Il fallait oser pour remettre en cause de l’efficacité du numérique éducatif au salon Educatech qui rassemble tous les industriels du secteur. Pour Arnaud Lévy, maître de conférence associé à Bordeaux Montaigne, « le numérique n’aide pas à mieux enseigner ou à mieux apprendre », pire il tend vers « la désocialisation massive ». Cette première table ronde du salon portait sur la sobriété numérique. Au-delà de la classe, il a été question de l’empreinte écologique du numérique éducatifs et des prospectives 2050.
L’empreinte carbone du numérique
La première conférence du salon de l’éducation sur le développement de l’école numérique et la transition écologique n’a pas laissé indifférent les spectateurs. Dans une première partie, Louise Vialard de l’Ademe a exposé les études prospectives de l’agence à horizon 2030 et 2050. « L’impact environnemental du numérique va augmenter de 45% d’ici 2030. En France, 10% de la consommation électrique vient des services numériques ». Les data center représentent 16% de l’empreinte carbone du pays. Diaporama a l’appui, la spécialiste détaille l’exploitation des mines et les problèmes environnementaux sous-jacents. « La masse de matériaux déplacée est très importante ». L’exemple des mines de cuivres et de cobalt sont pointés du doigt. « Ici 40 000 enfants travaillent dans la mine ».
L’Ademe propose 4 scenarii visant à diminuer l’empreinte carbone. « Seul le scénario de sobriété permet à terme une diminution de notre impact ». L’augmentation de la durée de vie des équipements et une action sur les usages sont quelques exemples d’actions possibles. A ce propos, un indice de durabilité sera mis en place à la fin 2024.

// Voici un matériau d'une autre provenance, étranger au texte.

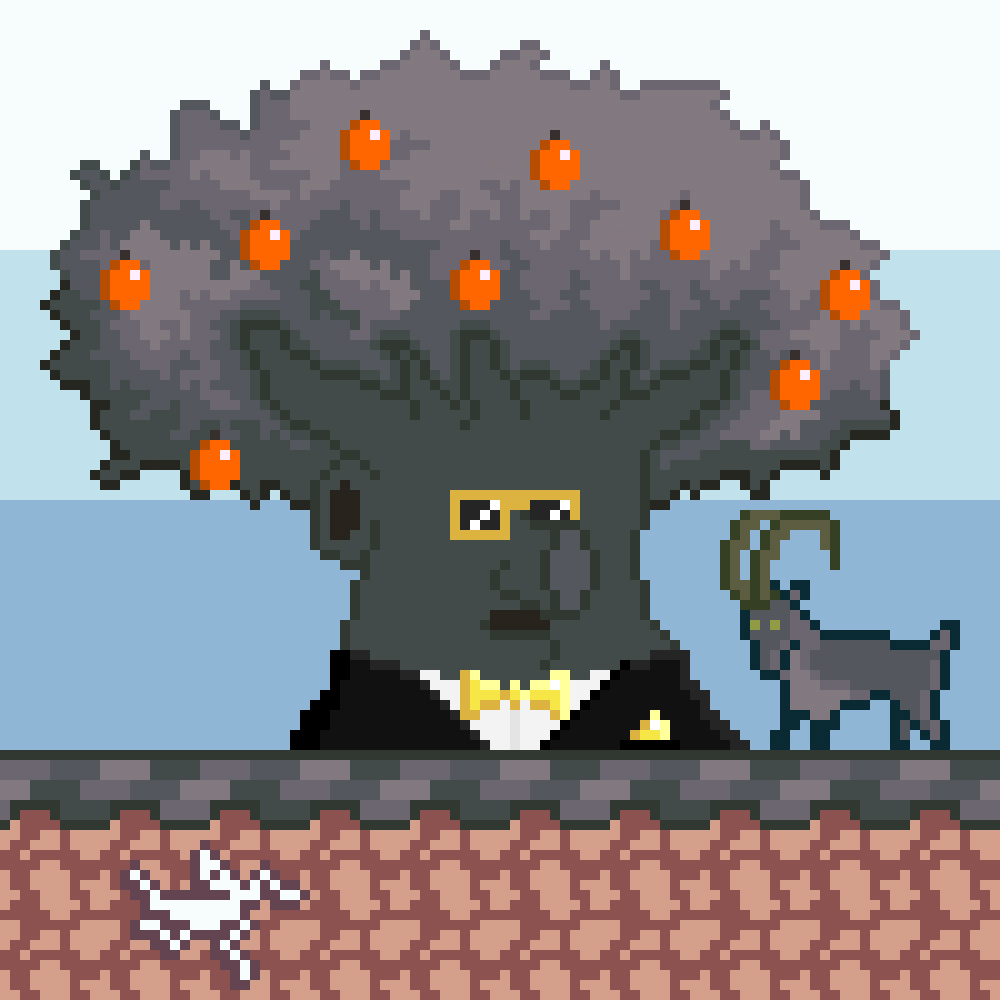 future_trees: 8443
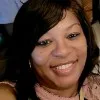Kimberly Penson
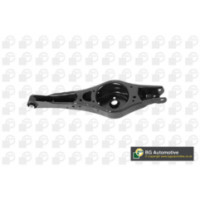TRC0139 - BGA TRC0139 - Track Control Arm (Rear Left Hand+Right Hand)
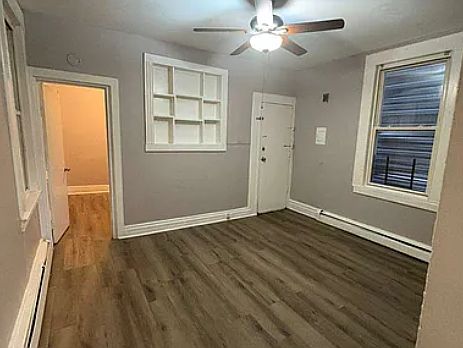 1st image of 127 S 13th St #1B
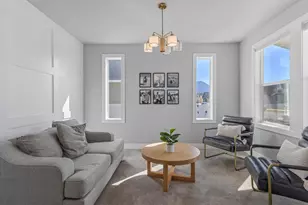 854 W 1950 S, Orem, UT 84058 - Photo 27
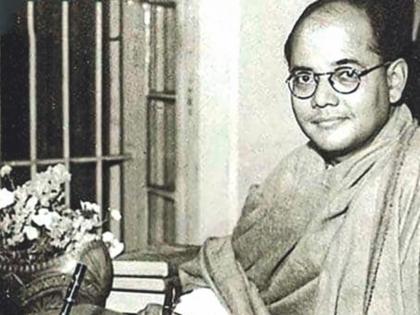 madras high court dismisses plea regarding to print photo of netaji subhash chandra bose on indian currency | नेताजी सुभाषचंद्र बोस यांची तसबीर असलेल्या नोटा येणार? हायकोर्टात याचिका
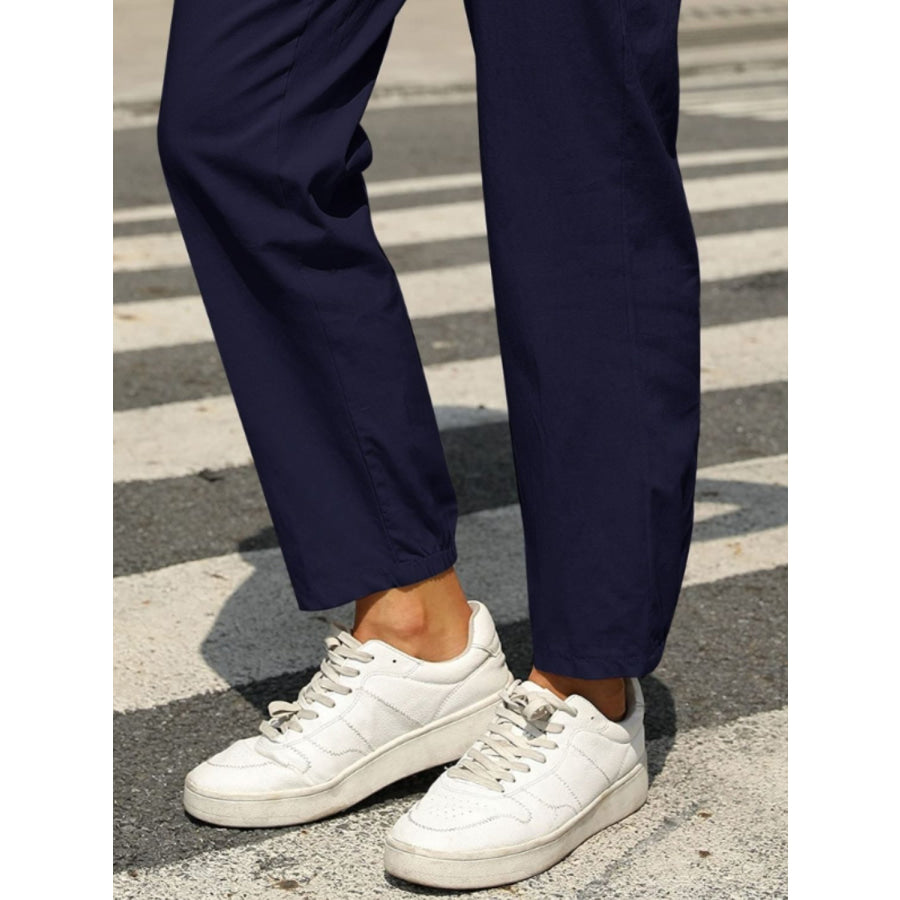 46686d7b-49ef-47ad-9b06-0bf619696bf2-Max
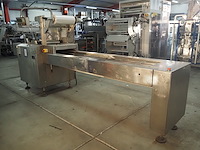 Meca plastic - afbeelding 1 van  17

« Ce ne sera pas dur de se priver du numérique »
Christophe Hugon, élu à Marseille, expose les solutions mises en œuvre dans sa ville. Entre recyclage du matériel et reconditionnement, l’élu prône une éducation proportionnée au numérique avec la mise en place d’ateliers. « Nous avons un long cycle de vie pour nos ordinateurs. Une première utilisation est administrative puis, avec le reconditionnement, les outils sont destinés aux enfants. Nous avons notre propre atelier de réparation ». Une durée de vie de 10 ans du matériel est visé.
Arnaud Levy, maître de conférence à Bordeaux profite du thème de la conférence pour lancer un pavé dans la mare. « Le numérique éducatif, ça ne marche pas ! Quand on regarde la littérature scientifique, à date, sur le numérique pour enseigner, on se retrouve face au constat que ce débat n’existe pas aujourd’hui. Il y a juste un tout petit peu de résultats positifs et il y a beaucoup de résultats négatifs. Le numérique n’aide pas à mieux enseigner ou à mieux apprendre ». L’enseignant-chercheur cite notamment le livre « La fabrique du crétin digital » de Michel Desmurget. « Donc, ça ne sera pas très dur de s’en priver ». Une partie du public applaudit. Christophe Hugon rejoint l’enseignant du supérieur en rappelant que « les enfants ont besoin d’interaction pour apprendre. La place du rapport humain est essentielle. La récréation, l’ambiance de classe, le travailler ensemble sont des choses très importantes ».
Le risque d’une désocialisation massive ?
Autre argument avancé par Arnaud Levy : « Le numérique est utilisé comme un symbole pour contribuer à un détricotage du service public. Le problème est là ! Je préfère qu’il y ait du chauffage dans les classes et des enseignants correctement payés et respectés plutôt que d’avoir des bidules numériques dans les placards ». Le cas de la pandémie récente et des visioconférences sont aussi évoqués. « Il faut essayer de faire sans le numérique. Cela doit être la dernière solution. Faire des cours en visioconférence est une désocialisation massive. L’école n’est pas juste transmettre des connaissances ».
Finalement, pour tendre vers la sobriété, Thomas Thibault du CNRS questionne : « Est-ce qu’il faut tout numériser ? Est-ce utile ou pas ? Le vidéoprojecteur et la télévision n’ont pas le même impact environnemental ainsi que la VR et la liseuse… ». Arnaud Lévy conclut la conférence en soulignant « la nécessité de politiser la technique ». La conférence sera visible dans quelques jours sur le site du salon.